#### WHAT IS EXPECTED
Whatever lies between the line with "Nerezový chladicí pivní" and the end of the data, both included, must be copied exactly and without pictures.

[[ INFORMATION SHOWN open ]]

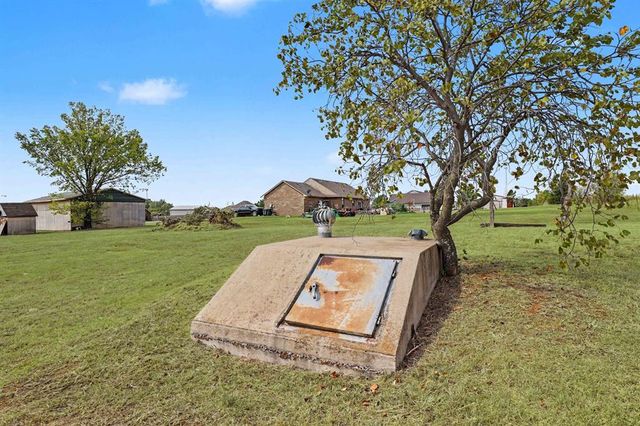 3737 Lone Tree Drive, Edmond, OK 73025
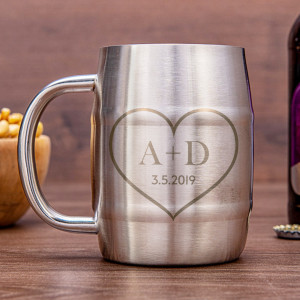 Nerezový chladicí pivní "půllitr" - Srdce s monogramem a datem - 400ml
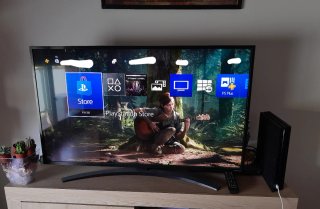 PS4 Pro 1 TB Negra + Mando y Cables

[[ INFORMATION SHOWN closed ]]

#### SOLUTION FOR THIS PROBLEM
 Nerezový chladicí pivní "půllitr" - Srdce s monogramem a datem - 400ml
 PS4 Pro 1 TB Negra + Mando y Cables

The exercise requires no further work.